Very nice! Now let's see what the plot looks like when we include higher order terms up to degree ten. From now on, you may use `PolynomialFeatures` (imported below) to help aid constructing polynomial features. 

In [15]:
from sklearn.preprocessing import PolynomialFeatures

# YOUR CODE HERE
# featurize_fn = ???
# estimated_f = ???

def featurize_fn(X):
    poly = PolynomialFeatures(degree=10)
    return poly.fit_transform(X)

def train(X, y):
    y = y.reshape(-1, 1)
    return np.linalg.inv(X.T.dot(X)).dot(X.T.dot(y))

theta = train(featurize_fn(X_train), y_train)

def estimated_f(X):
    return X @ theta

funtion_plot(estimated_f, featurize_fn=featurize_fn)

<IPython.core.display.Javascript object>

We can see clear signs of overfitting from this plot. Please describe whether you expect this function (degreee 10) or the previous one (degree 2) to perform better on new test data sampled from the same distribution.

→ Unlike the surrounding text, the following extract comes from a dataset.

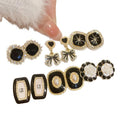 Light Luxury Geometric Faux Pearl Stud Earrings With Rhinestone Enamel Quadrilateral Design view 5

I expect that the previous function of degree 2 performs better on new test data.

## Part B: Bias/Variance of Polynomial Degree

To confirm you answer, let's generate some test data and compare errors of models with varying degrees from degree 0 to degree 15.

In [12]:
X_test, y_test = generate_data(noise_strength=10, num_points=10000)

For each degree from 0 to 15, compute the best fit polynomial based on the training data. You may use `PolynomialFeatures` for the feature computation, but the regression calculation must be done by hand. Then store the training error and test error respectively for each model.

In [41]:
train_err, test_err = [], []

def train(X, y):
    y = y.reshape(-1, 1)
    return np.linalg.inv(X.T @ X) @ (X.T @ y)

def mse(y, y_hat):
    return (np.square(y - y_hat)).mean(axis=None)

for degree in range(2, 16):
    # YOUR CODE HERE
    poly = PolynomialFeatures(degree=degree)
    theta = train(poly.fit_transform(X_train), y_train)
    y_train_hat = poly.fit_transform(X_train) @ theta
    y_test_hat = poly.fit_transform(X_test) @ theta
    
    mse_train = mse(y_train, y_train_hat)
    mse_test = mse(y_test, y_test_hat)
    
    train_err.append(mse_train)
    test_err.append(mse_test)
    
    print('Trained', degree, 'degree polynomial')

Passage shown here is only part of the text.